Segun Dipe, journalist and political analyst from Ado Ekiti had written that
“for Engineer Segun Oni to be crying foul at this point is to be violating a strong equity maxim, which forbids anyone coming to equity doing so with unclean hands. As far as elections are concerned in Ekiti, whether primary or general, history is unkind to Oni. He is a renowned power hijacker, having never won any election fair and square. Oni came third in the primaries within the PDP fold in 2007, yet was imposed on those who came first and second and was eventually declared the winner at the general election. But after three and a half years of legal tussle, the appeal court sitting in Kwara State declared Oni as a usurper and declared Fayemi as the duly elected Governor of Ekiti State on 15 October 2010, thus putting an end to Oni’s pyrrhic victory and the beginning of the October 16 swearing-in for emerging governors in Ekiti.

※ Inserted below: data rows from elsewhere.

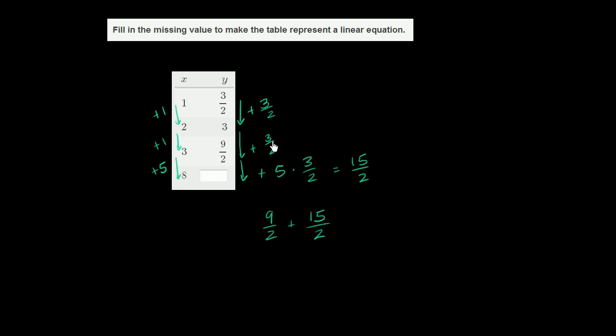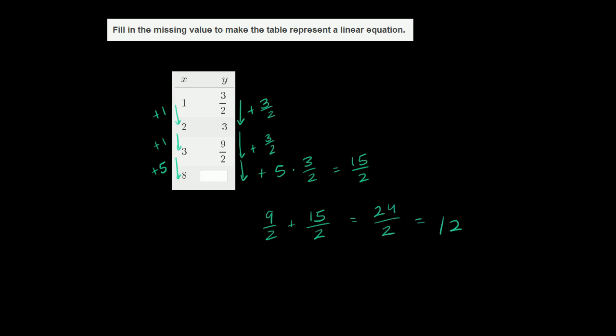Remember, we increment 3 halves every time x moves 1. This time x moved 5, so we're incrementing by 15 halves, or you could say we're incrementing by 3 halves 5 times. This is going to be equal to 9 plus 15 is 24 over 2, which is equal to 12. So in the box we could write 12, and we are done.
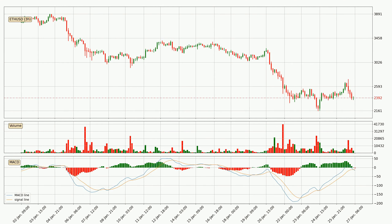Looking at the three hourly MACD, the MACD line is below the signal line, which shows that the current trend is on the downside. The MACD histogram shows that the momentum is currently strong and it could be expected for the price to go further to the downside.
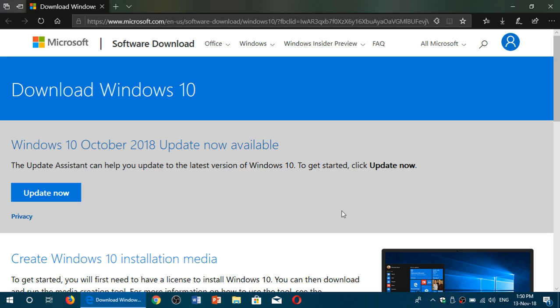So when you download this, it's going to download a cumulative update and push you to 17763.134 as you see here.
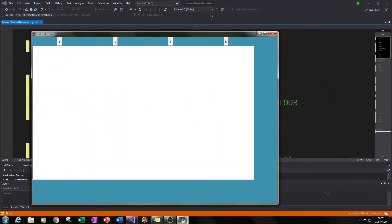Hello and welcome to the first part in a series of tutorials where I will be showing you how you can build your very own text editor similar to Microsoft Word and OpenOffice.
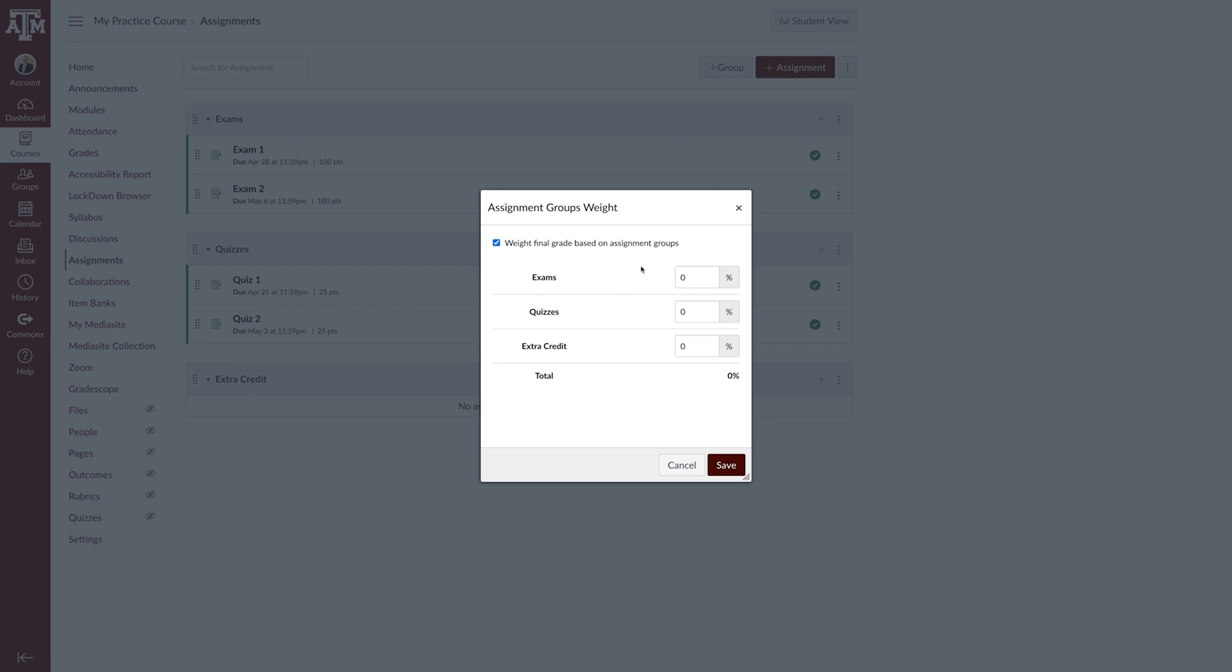Here you can set the assignment weights for your other assignment groups and then add an additional group for extra credit. For this example, I'll use 3% for extra credit.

Yet so far in Ekiti politics, Oni is the most favoured. He can be regarded in the Yoruba parlance as _*“O je n’igbo eegun, je n’igbo oro.”*_ Meaning one who has successfully oscillated between the two major political parties, PDP and APC, and getting the juiciest appointments for himself, at both the state and the national levels. Oni was a governor, Vice Chairman. South West of PDP, Deputy National Chairman South of APC and currently Chairman of the Nigerian Export Processing Zone. All these, he achieved without a clear victory at any election.
This certainly is not the kind of credential Oni would love to parade as a just fellow. Lest he fails to realise it, he has been carrying himself as someone not to be trusted with power in APC again, being a sworn ally of ex-President Olusegun Obasanjo. Not a few see Oni as guilty by association, believing that he definitely has one leg in APC and the other one outside of the party. It is in this light that anyone who argues that Oni is prosecuting his case against Fayemi with the best of intentions will be seen as an enemy of the party, APC, and the state, Ekiti.”
The next few days will determine whether Segun Oni would lick his wounds quietly, or proceed to the Court of Appeal to try and upturn this victory by Kayode Fayemi or simply let bygone by bygone.
Whichever ever way it goes, there’s another river for Fayemi to cross. There’s the bigger challenge by the People’s Democratic Party, PDP tribunal case against his victory to contend with. It will determine whether Fayemi will continue as the Ekiti State governor, or vacate the seat for Prof. Eleka, who was deputy governor to former governor Ayo Fayose. Ekiti State reputed to have one professor every square meter has always waited for the courts to give them a governor, at times, years after the election has been concluded.